The technique as described so far can be augmented in various ways. For example, email messages from non-participating originators can be required to include a prescribed code or "cookie", e.g. in the subject field. The code is generated when the originator first obtains permission to send to one of the participating recipients. Unless the originator includes the code when sending a message to any participating recipient, the message will be rejected.
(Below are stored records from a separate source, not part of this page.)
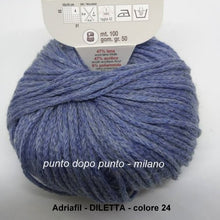 Carica l'immagine nel visualizzatore di Gallery, Adriafil DILETTA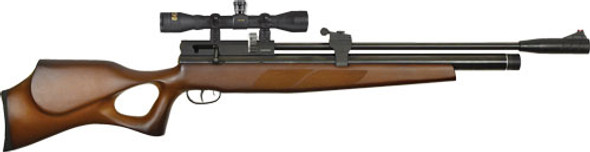 PELLET AIR RIFLE 10-SHOTBEEMAN 1518 PCP COMMANDER .22 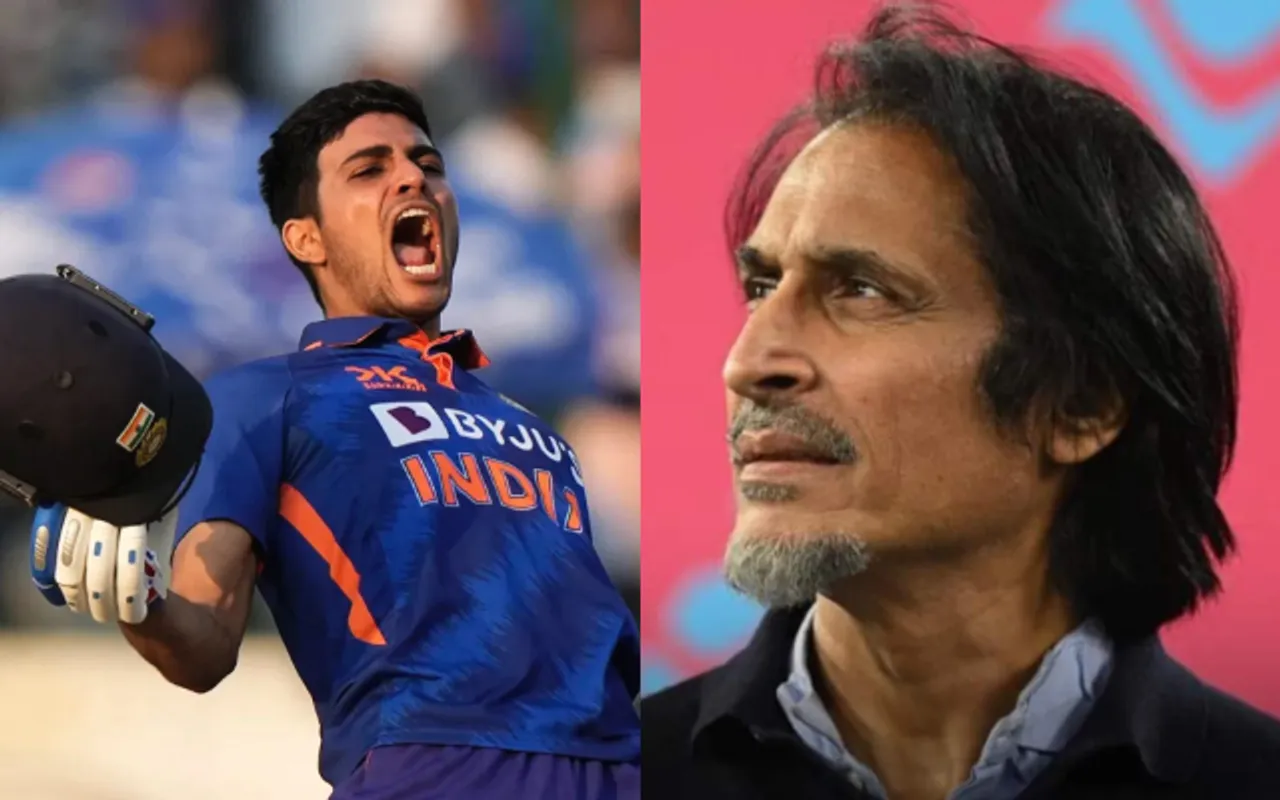 'Shubman Gill is like...' - Ramiz Raja's unique praise on team India, Shubman Gill after win in 2nd ODI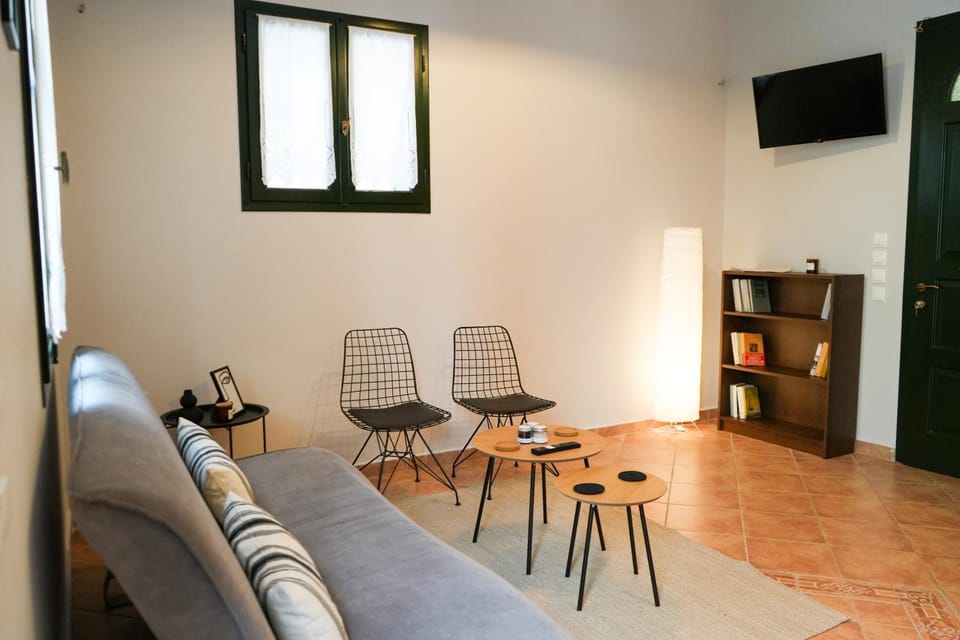 Library, TV and multimedia, Living room, Seating area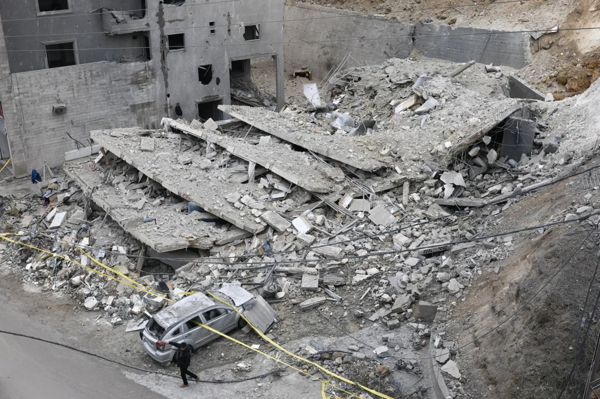 Person killed in Israeli airstrike in Lebanon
To circumvent the technique, an attacker now needs not only the address of a trusted legitimate originator, but also its code. Further variations include using sequences of codes / one-time passwords, encryption-based authentication methods, and the like.
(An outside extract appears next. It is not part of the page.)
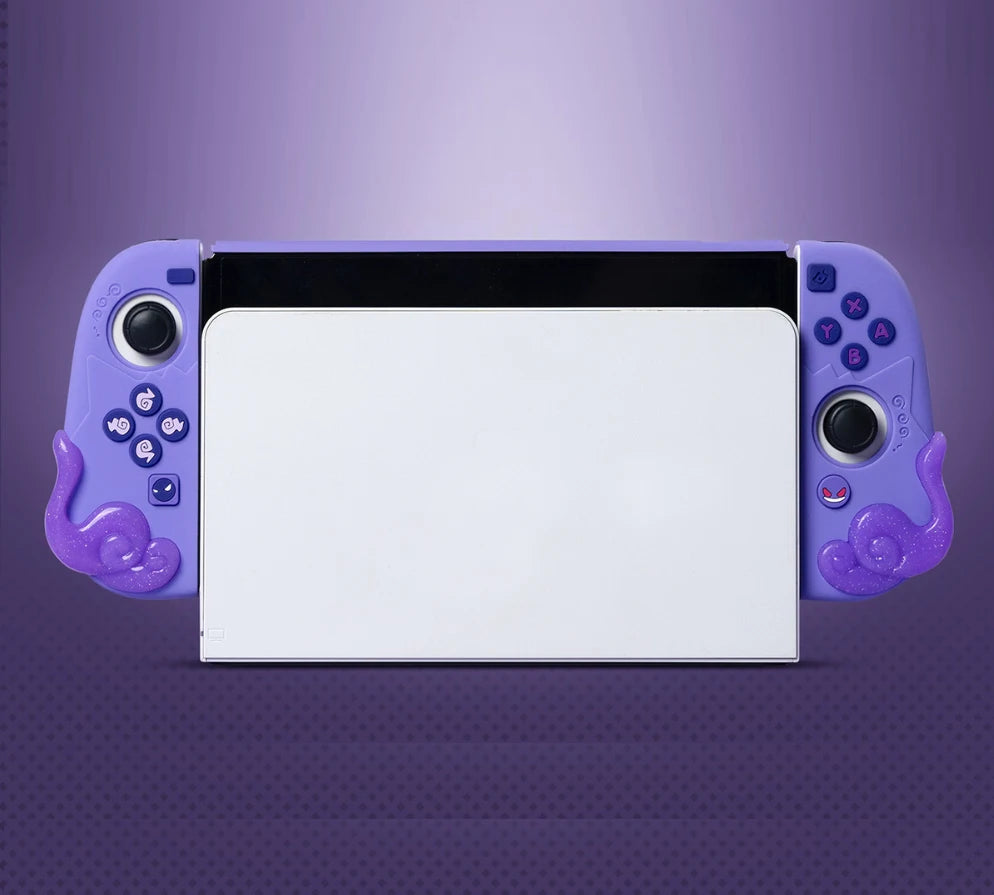 Purple Devil Ghost Case for Switch & OLED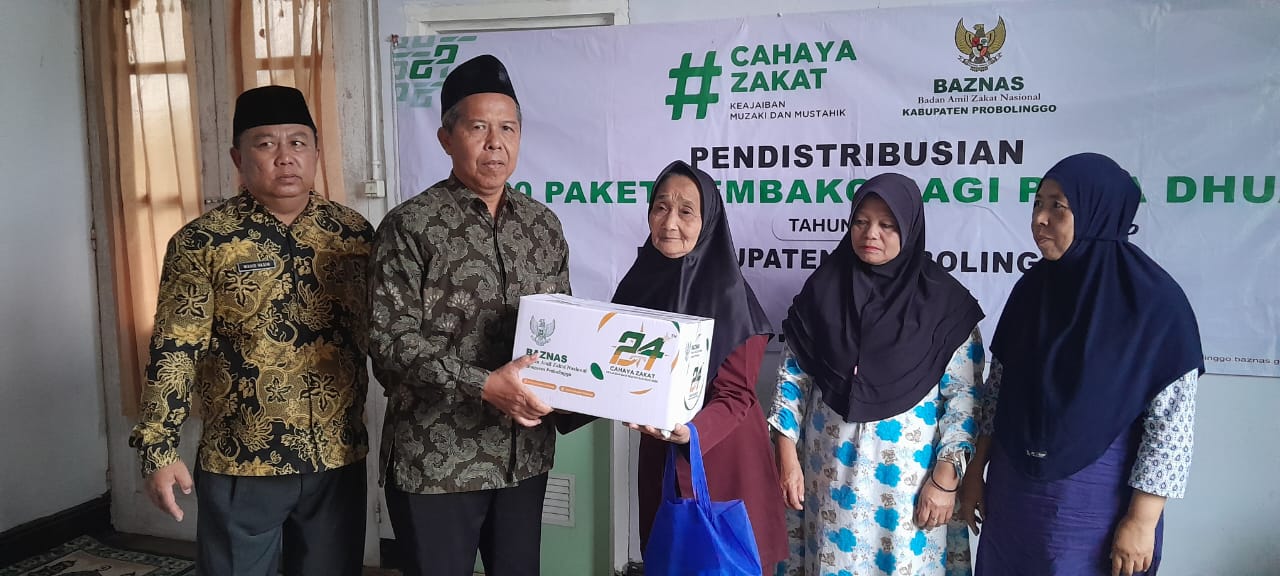 BAZNAS Kabupaten Probolinggo Pacu Semangat ASN dan Masyarakat Untuk Peduli Pada Sesama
Decentralized Implementation. While a centralized implementation of the technique is conceptually simpler, a decentralized implementation can offer improved scaling and greater robustness to failures and attacks. A decentralized implementation can extend an existing email environment, consisting of email clients, a message transfer agent such as the sendmail program, and the like, with software for interacting with its counterparts in other locations or domains to implement the same or similar functionality as described above for the centralized case.
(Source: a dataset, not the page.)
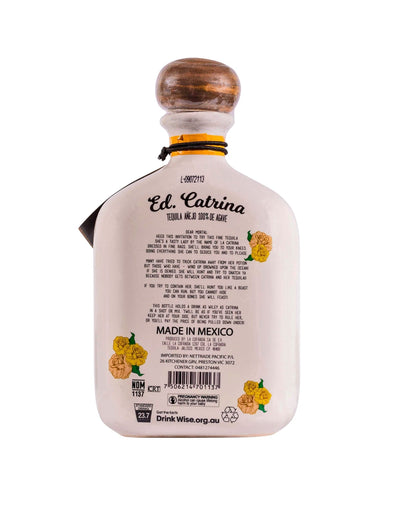 La Cofradia E.D Catrina Anejo Tequila 750ml - CG Liquor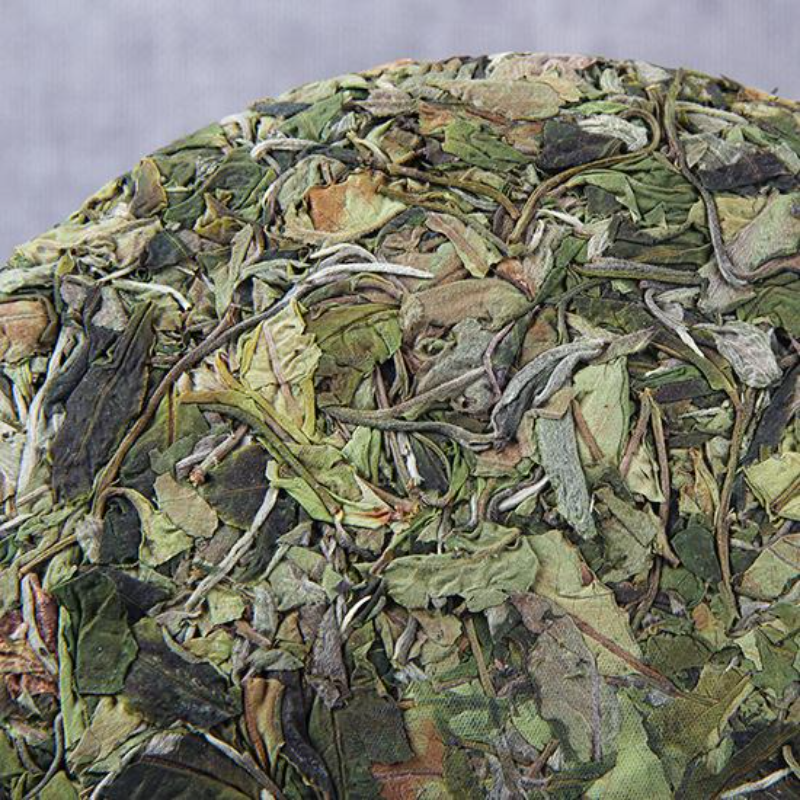 357g Yunnan Old Tree Golden White Tea Cake Organic Natural White Tea Chinese Tea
Interaction with Explicit Trust Relationships. In known systems, parties can establish a-priori trust relationships by providing so-called "whitelists" of potential senders a recipient wishes to allow, and "blacklists" of senders to be blocked. Such lists may be shared, e.g. as there are organizations collecting and distributing blacklists, and lists may be updated/modified based on user feedback on attempted or occurred communications. Such trust relationships can be combined with trust inferred by observing past communications, e.g. as follows: If two users, A and B who trust each other share their whitelists, and if user A allows messages from a sender C, then B would automatically receive messages from C without himself having to whitelist C.
Altering Communication Based on Trust. Beyond simply letting messages through if there is trust and block them otherwise, more complex interactions can be provided for. For example, where trust in a sender is partial, a message can be restricted, e.g. so that larger messages are truncated, large attachments are cut off, execution of an attached program is denied, several messages from the sender are combined into one, and/or the like. Further where trust is partial, a message can be blocked and a request sent to the sender for action on his part, e.g. for reduction of the size of the message, providing authentication and/or the like.
Control of Trust Policy. While trust policy may be set by an individual communicating party, there can be circumstances where the policy at least in part is set by another. In a company, for example, management can exercise a measure of control over how trust is established between its employees, and between outsiders and its employees.
Trust Between Classes of Participants. In addition to taking into account past communications between individual parties, a measure of trust can be determined between classes of parties, based on one or several attributes of the parties. For example, if the attribute is the user's domain, then trust can be inferred between a user A at one domain, Dl, and a user B at another domain, D2, provided other users in domains Dl and D2 have communicated before. Thus, a measure of trust can be shared by members of a class, e.g. the employees of a company. Among further attributes for determining a class for trust sharing are geographic location, e.g. of cell/mobile phones and location-driven services, membership in a group or community, and the like.